Clients always connect in simultaneous chunks - ie. every once in a while about 5 (I control this parameter) clients will connect simultaneously and feed the server with data.
I've been timing both the reading-and-parsing and the database-related stages of each thread.
The first stage (reading-and-parsing) has a curious behavoir. The amount of time each thread takes is roughly equal to each thread but is also proportional to the number of threads connecting. The server is not CPU starved: it has 8 cores and always less than 8 threads are connected to it.
For example, with 3 simultaneous threads 100k rows (for each thread) will be read-and-parsed in about 4,5s. But with 5 threads it will take 9,1s on average!
A friend of mine suggested this scaling behavoir might be related to the fact I'm using blocking sockets. Is this right? If not, what might be the reason for this behavoir?
If it is, I'd be glad if someone can point me out good resources for understanding non blocking sockets on Windows.
Edit:
Each client thread reads a line (ie., all chars untils a '\n') from the socket, then parses it, then read again, until the parse fails or a terminator character is found. My readline routine is based on this:
http://www.cis.temple.edu/~ingargio/cis307/readings/snaderlib/readline.c
With static variables being declared as __declspec(thread).
The parsing, assuming from the non networking version, is efficient (about 2s for 100k rows). I assume therefore the problem is in the multhreaded/network version.
If your lines are ~120–150 characters long, you are actually saturating the network!
There's no issue with sockets. Simply transfering 3 times 100k lines, 150 bytes each, over a 100 Mbps line (1 take 10 bytes/byte to account for headers) will take... 4.5 s! There is no problem with sockets, blocking or otherwise. You've simply hit the limit of how much data you can feed it.
Non-blocking sockets are only useful if you want one thread to service multiple connections. Using non-blocking sockets and a poll/select loop means that your thread does not sit idle while waiting for new connections.
In your case this is not an issue since there is only one connection per thread so there is no issue if your thread is waiting for input.
Which leads to your original questions of why things slow down when you have more connections. Without further information, the most likely culprit is that you are network limited: ie your network cannot feed your server data fast enough.
If you are interested in non-blocking sockets on Windows do a search on MSDN for OVERLAPPED APIs
You could be running into other threading related issues, like deadlocks/race conditions/false sharing, which could be destroying the performance.

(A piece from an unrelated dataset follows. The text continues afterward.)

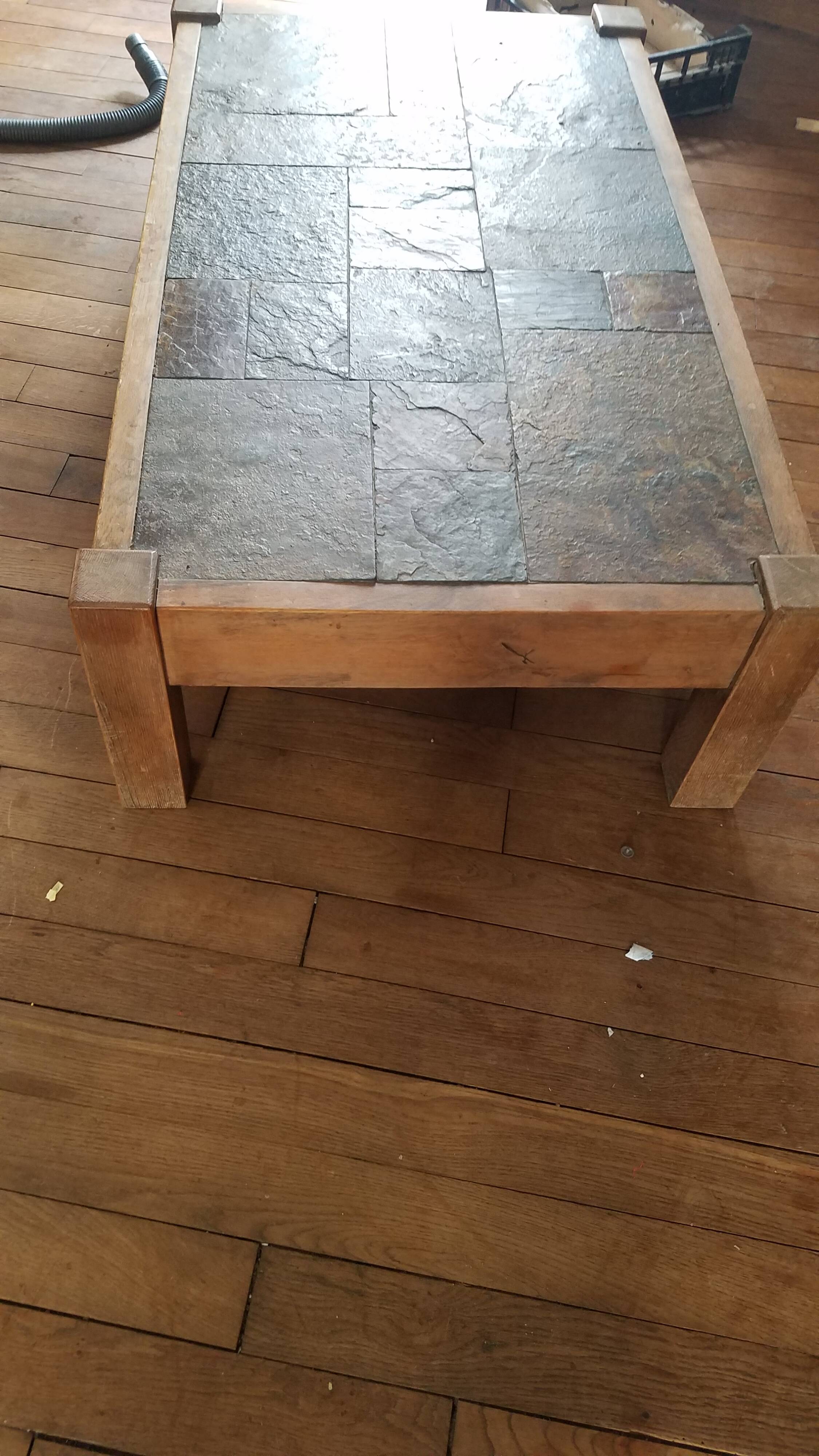 Slate coffee table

One thing to keep in mind is that although you have one thread per client, Windows will not automatically ensure they all run on different cores. If some of them are running on the same core, it is possible (although unlikely) to have your server in a sort of CPU-starved state, with some cores at 100% load and others idle. There are simply no guarantees as to how the OS spreads the load (in the default case).
To explicitly assign threads to particular cores, you can use SetThreadAffinityMask. It may or may not be worth having a bit of a play around with this to see if it helps.
On the other hand, this may not have anything to do with it at all. YMMV.